In this section, you'll learn how to reduce the amount of data transferred from Cassandra to Spark to speed up processing.
For performance reasons, you should not fetch columns you don't need.
You can achieve this with the select
method.
sc.cassandraTable("test", "users").select("username").toArray.foreach(println)
// CassandraRow{username: noemail}
// CassandraRow{username: someone}
The select
method can be chained. Every next call can be used to select a subset of columns already selected.
Selecting a non-existing column would result in throwing an exception.
The select
method allows querying for TTL and timestamp of the table cell.

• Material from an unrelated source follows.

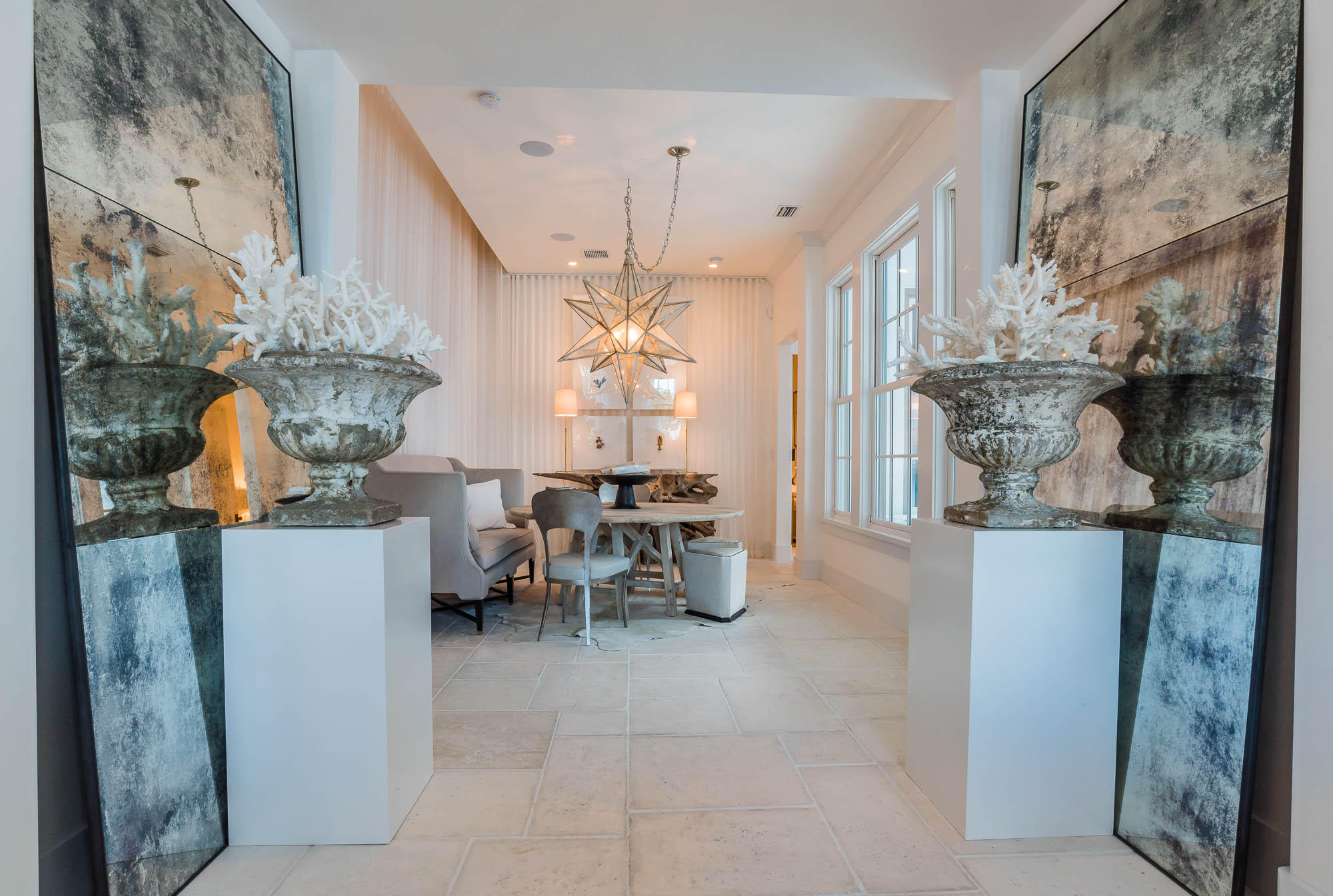 ALYS BEACH - Residential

val row = rdd.select("column", "column".ttl, "column".writeTime).first
val ttl = row.getLong("ttl(column)")
val timestamp = row.getLong("writetime(column)")
The selected columns can be given aliases by calling as
on the column selector,
which is particularly handy when fetching TTLs and timestamps.

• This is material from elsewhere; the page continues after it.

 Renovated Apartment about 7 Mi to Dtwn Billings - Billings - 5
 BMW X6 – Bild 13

rdd.select("column".ttl as "column_ttl").first
val ttl = row.getLong("column_ttl")
To filter rows, you can use the filter transformation provided by Spark.

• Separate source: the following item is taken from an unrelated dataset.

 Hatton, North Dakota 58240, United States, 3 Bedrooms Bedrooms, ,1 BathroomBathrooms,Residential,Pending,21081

However, this approach causes all rows to be fetched from Cassandra and then filtered by Spark.
Also, some CPU cycles are wasted serializing and deserializing objects that wouldn't be
included in the result. To avoid this overhead, CassandraRDD
offers the where
method, which lets you pass
arbitrary CQL condition(s) to filter the row set on the server.
sc.cassandraTable("test", "cars").select("id", "model").where("color = ?", "black").toArray.foreach(println)
// CassandraRow[id: KF-334L, model: Ford Mondeo]
// CassandraRow[id: MT-8787, model: Hyundai x35]
sc.cassandraTable("test", "cars").select("id", "model").where("color = ?", "silver").toArray.foreach(println)
// CassandraRow[id: WX-2234, model: Toyota Yaris]
Note: Although the ALLOW FILTERING
clause is implicitly added to the generated CQL query, not all predicates
are currently allowed by the Cassandra engine. This limitation is going to be addressed in the future
Cassandra releases. Currently, ALLOW FILTERING
works well
with columns indexed by secondary indexes or clustering columns.
CQL allows for requesting ascending or descending order of rows within a single Cassandra partition.
It is allowed to pass the ordering direction by withAscOrder
or withDescOrder
methods of
CassandraRDD
. Note that it will work only if there is at least one clustering column in the table
and a partition key predicate is specified by where
clause.
When a table is designed so that it include clustering keys and the use case is that only the first
n
rows from an explicitly specified Cassandra partition are supposed to be fetched, one can find
useful the limit
method. It allows to add the LIMIT
clause to each CQL executed for a particular
RDD.
Note that, when you specify the limit without specifying a partition key predicate for the where clause, you will get unpredictable amount of rows because the limit will be applied on each Spark partition which is created for the RDD.
Physically, Cassandra stores data already grouped by partition key and ordered by clustering
column(s) within each partition. As a single Cassandra partition never spans multiple Spark partitions,
it is possible to very efficiently group data by partition key without shuffling data around.
Call spanBy
or spanByKey
methods instead of groupBy
or groupByKey
:
CREATE TABLE events (year int, month int, ts timestamp, data varchar, PRIMARY KEY (year,month,ts));
sc.cassandraTable("test", "events")
.spanBy(row => (row.getInt("year"), row.getInt("month")))
sc.cassandraTable("test", "events")
.keyBy(row => (row.getInt("year"), row.getInt("month")))
.spanByKey
Note: This only works for sequentially ordered data. Because data is ordered in Cassandra by the clustering keys, all viable spans must follow the natural clustering key order.
This means in the above example that spanBy
will be possible on (year), (year,month),
(year,month,ts) but not (month), (ts), or (month,ts).
The methods spanBy
and spanByKey
iterate every Spark partition locally
and put every RDD item into the same group as long as the key doesn't change.
Whenever the key changes, a new group is started. You need enough memory
to store the biggest group.
Although Spark provides count()
method, it requires all the rows to be fetched from Cassandra, which
adds significant memory and network overhead. Instead, cassandraCount()
method can be used on any
Cassandra based RDD to push down selection of count(*)
and fetching the number of rows directly.
Note: Until release 1.2.4, Spark count was overridden by native Cassandra count in all Cassandra based
RDDs. Since 1.2.4, count()
is for Spark count and cassandraCount()
is for Cassandra native count.